DIXFIELD — The town will seek voter approval this month to improve the water, sewer and storm drain main lines in the area of Pine, High and North streets.

The special town meeting is set for 7 p.m. Wednesday, July 31, at the Dirigo High School Community Room. The meeting will be preceded by a public hearing at 6 p.m.

Voters will be asked to approve a $1.8 million project consisting of water and sewer line replacements, road reconstruction, engineering and design costs, transaction costs and other expenses. They will also be asked to approve funding the work and authorizing selectmen to accept various grants.

The project, designed by Al Hodsdon Engineering in Waterville, would replace old, galvanized pipes that are in danger of breaking, which would put the town’s water system in danger of contamination as well as causing discoloration.

The work would also replace the water mains, the hydrants and the sewer and stormwater lines, and improve the water flow from the fire hydrants.

According to the five-article warrant, the State of Maine Drinking Water Program has already committed $676,056 in a low-interest loan, and the Clean Water State Revolving fund has been projected to give $110,000 for sewer line replacement and related paving repairs.

The Town Office announced in a statement that the town will seek funding through a Community Development Block Grant. In order to qualify, the town must complete a survey of the households in the project area. The town will apply for a $500,000 CDBG grant.

Article 3 asks voters if the town should approve a capital project consisting of upgrades to the Dixfield Water District pump station, engineering and design costs, transaction costs and other expenses and appropriate the sum of $151,215 to fund the project.

Article 4 asks residents if the town should vote to authorize a “tax club” payment plan where residents would pay for their taxes monthly instead of quarterly.

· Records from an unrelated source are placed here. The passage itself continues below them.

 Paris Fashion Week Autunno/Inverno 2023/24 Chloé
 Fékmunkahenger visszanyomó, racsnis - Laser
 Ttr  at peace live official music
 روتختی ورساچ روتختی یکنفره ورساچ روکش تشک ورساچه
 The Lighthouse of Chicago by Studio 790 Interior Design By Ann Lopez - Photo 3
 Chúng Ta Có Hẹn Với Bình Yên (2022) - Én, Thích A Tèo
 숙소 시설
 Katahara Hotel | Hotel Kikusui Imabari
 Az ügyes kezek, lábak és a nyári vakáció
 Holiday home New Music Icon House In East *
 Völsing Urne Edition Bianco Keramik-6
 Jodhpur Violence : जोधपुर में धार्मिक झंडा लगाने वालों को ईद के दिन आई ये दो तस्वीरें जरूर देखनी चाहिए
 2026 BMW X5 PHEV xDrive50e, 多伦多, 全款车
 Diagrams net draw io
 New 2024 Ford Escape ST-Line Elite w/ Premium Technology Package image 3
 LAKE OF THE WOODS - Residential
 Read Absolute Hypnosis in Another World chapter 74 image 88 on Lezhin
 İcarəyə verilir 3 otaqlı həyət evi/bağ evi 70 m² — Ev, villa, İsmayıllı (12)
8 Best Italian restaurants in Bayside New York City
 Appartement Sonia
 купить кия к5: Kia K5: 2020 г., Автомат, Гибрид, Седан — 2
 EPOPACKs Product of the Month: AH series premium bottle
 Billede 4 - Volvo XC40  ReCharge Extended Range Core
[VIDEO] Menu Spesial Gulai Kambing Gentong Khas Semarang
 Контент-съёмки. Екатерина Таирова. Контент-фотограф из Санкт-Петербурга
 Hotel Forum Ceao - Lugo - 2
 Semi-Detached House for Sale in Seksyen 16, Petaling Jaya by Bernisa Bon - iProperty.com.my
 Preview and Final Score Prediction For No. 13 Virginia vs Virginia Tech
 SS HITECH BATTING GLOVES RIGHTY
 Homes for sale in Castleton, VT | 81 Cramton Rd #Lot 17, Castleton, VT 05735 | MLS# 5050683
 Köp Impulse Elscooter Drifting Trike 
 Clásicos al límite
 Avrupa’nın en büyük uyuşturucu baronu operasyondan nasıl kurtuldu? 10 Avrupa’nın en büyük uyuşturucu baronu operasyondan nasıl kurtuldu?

Town Manager Linda Pagels-Wentworth said at Monday’s selectmen meeting that residents would have until Sept. 16 to apply for the program, which is set up “like a Christmas club for your taxes.”

Each resident who applies for the program by Sept. 16 would have their total yearly taxes divided by 10, one for each remaining month of the fiscal year.

Pagels-Wentworth said the tax club would accept checks and cash but not credit cards.

Article 5 asks voters if the town should pass a Property Assessed Clean Energy Ordinance, which would give residents access to low-cost loans for home energy efficiency upgrades.

The program’s funding, administered through Efficiency Maine, comes from a U.S. Department of Energy grant.

To participate, homeowners must have an energy audit which shows the property needs improvement and homeowners must meet several criteria to qualify for a loan. The loans can be used to pay for insulation, more efficient heating systems and other upgrades.